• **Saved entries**
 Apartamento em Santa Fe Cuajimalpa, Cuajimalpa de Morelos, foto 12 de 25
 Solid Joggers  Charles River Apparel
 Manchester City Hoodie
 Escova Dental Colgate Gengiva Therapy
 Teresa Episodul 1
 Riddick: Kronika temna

--

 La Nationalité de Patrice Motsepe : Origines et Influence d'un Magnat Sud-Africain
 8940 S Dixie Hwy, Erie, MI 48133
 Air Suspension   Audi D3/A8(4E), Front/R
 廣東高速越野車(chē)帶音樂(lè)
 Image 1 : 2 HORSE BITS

--

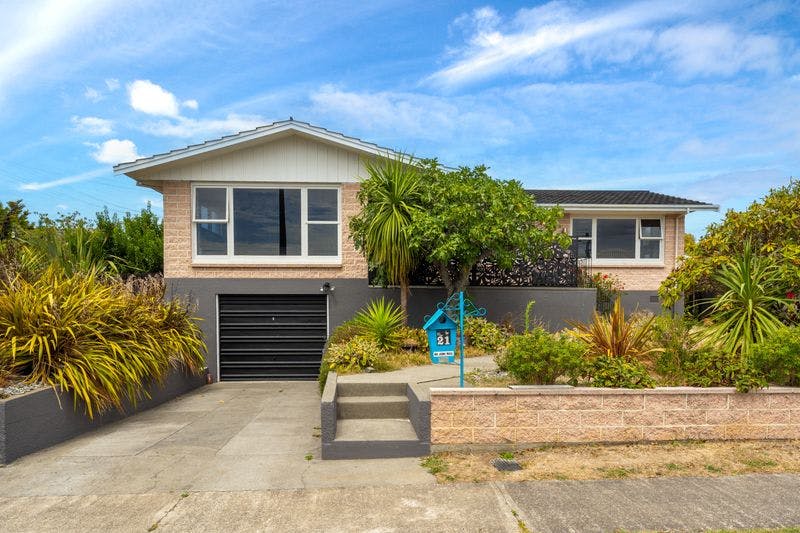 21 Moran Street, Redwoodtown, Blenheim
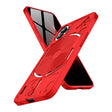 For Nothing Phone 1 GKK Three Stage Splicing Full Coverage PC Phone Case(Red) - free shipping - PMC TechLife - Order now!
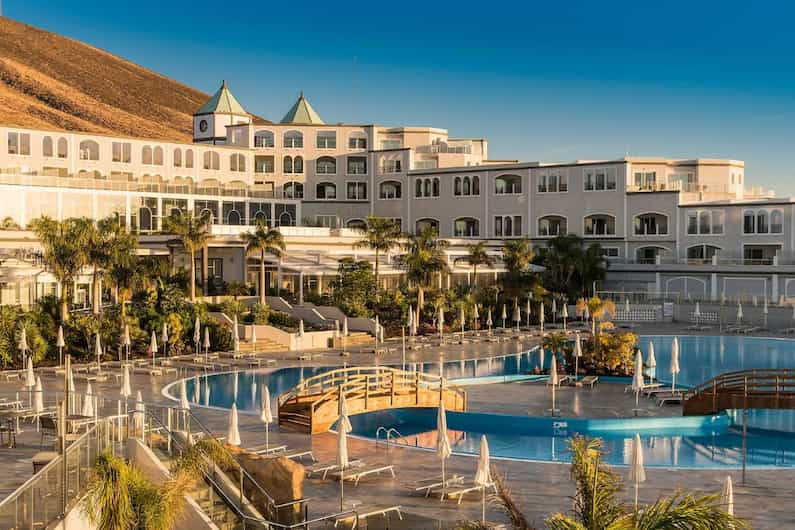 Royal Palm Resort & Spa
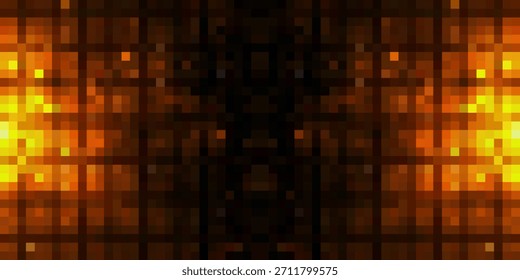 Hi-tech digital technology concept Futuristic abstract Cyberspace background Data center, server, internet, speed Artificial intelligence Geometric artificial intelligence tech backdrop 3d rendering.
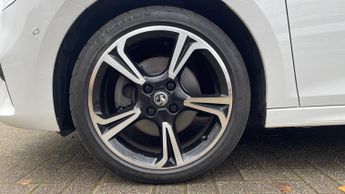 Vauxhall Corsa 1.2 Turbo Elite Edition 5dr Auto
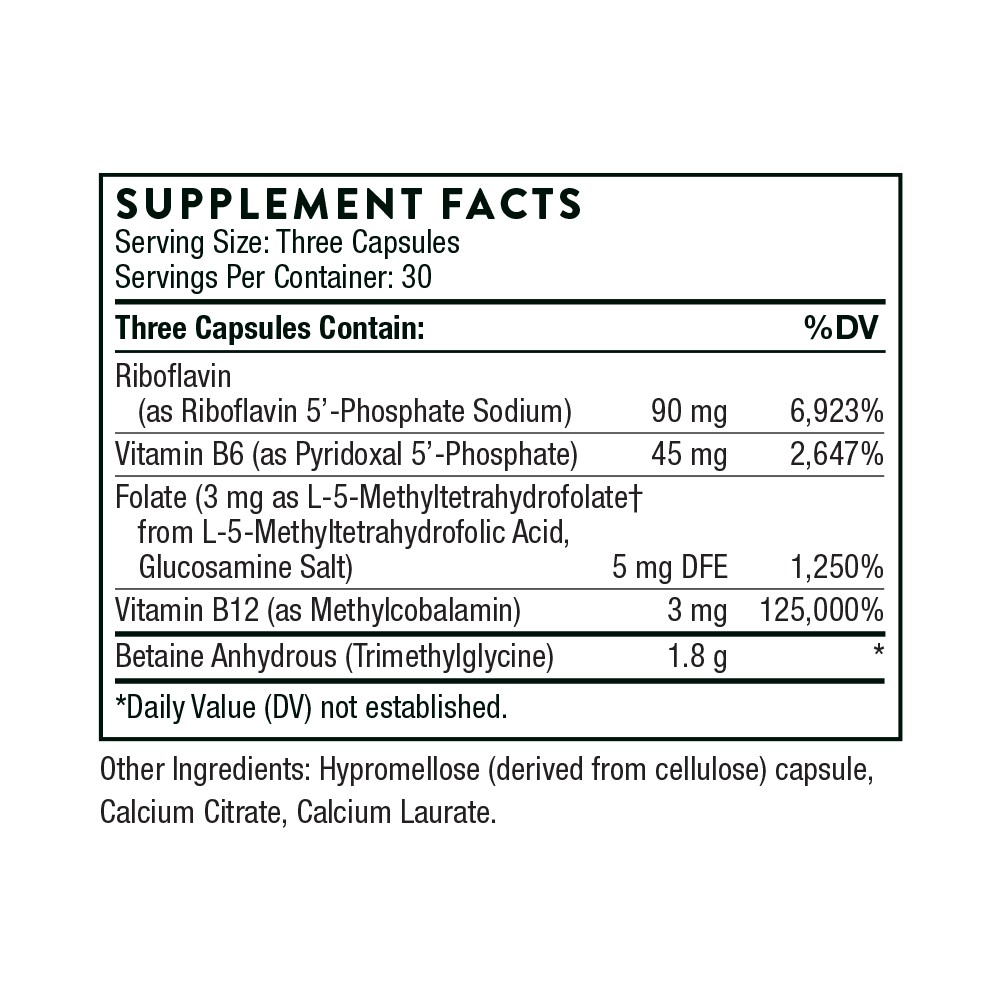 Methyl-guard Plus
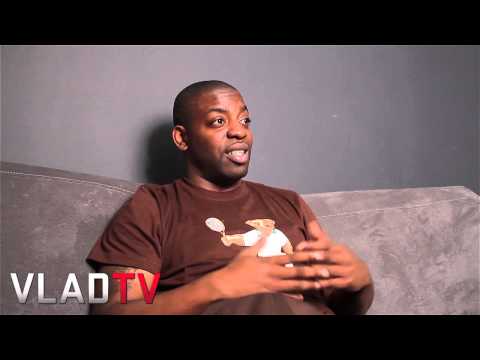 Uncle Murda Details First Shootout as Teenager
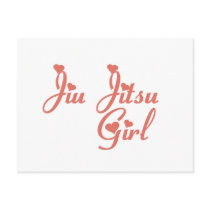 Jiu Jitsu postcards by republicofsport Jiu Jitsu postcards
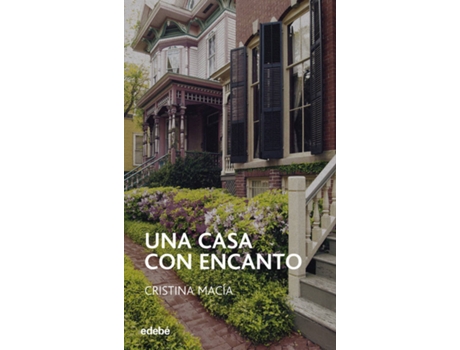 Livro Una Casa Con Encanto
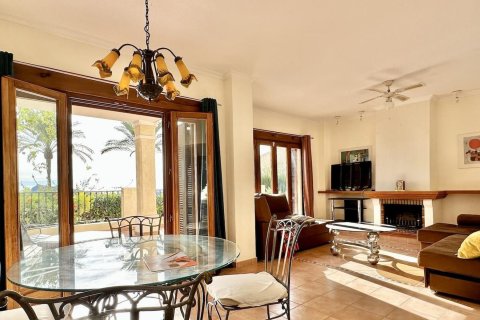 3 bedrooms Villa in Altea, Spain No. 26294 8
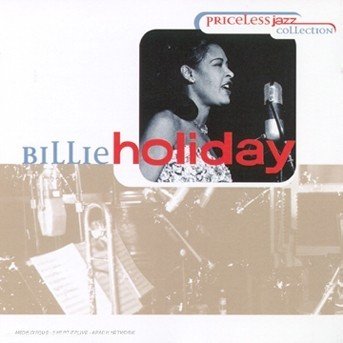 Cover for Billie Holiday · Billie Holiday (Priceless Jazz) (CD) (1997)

• **Problem to solve**
Set down again, word for word, every line from the one with "21 Moran Street, Redwoodtown, Blenheim" to the one with "Cover for Billie" in the entries above, and omit the pictures.

• **Answer space**
 21 Moran Street, Redwoodtown, Blenheim
 For Nothing Phone 1 GKK Three Stage Splicing Full Coverage PC Phone Case(Red) - free shipping - PMC TechLife - Order now!
 Royal Palm Resort & Spa
 Hi-tech digital technology concept Futuristic abstract Cyberspace background Data center, server, internet, speed Artificial intelligence Geometric artificial intelligence tech backdrop 3d rendering.
 Vauxhall Corsa 1.2 Turbo Elite Edition 5dr Auto
 Methyl-guard Plus
 Uncle Murda Details First Shootout as Teenager
 Jiu Jitsu postcards by republicofsport Jiu Jitsu postcards
 Livro Una Casa Con Encanto
 3 bedrooms Villa in Altea, Spain No. 26294 8
 Cover for Billie Holiday · Billie Holiday (Priceless Jazz) (CD) (1997)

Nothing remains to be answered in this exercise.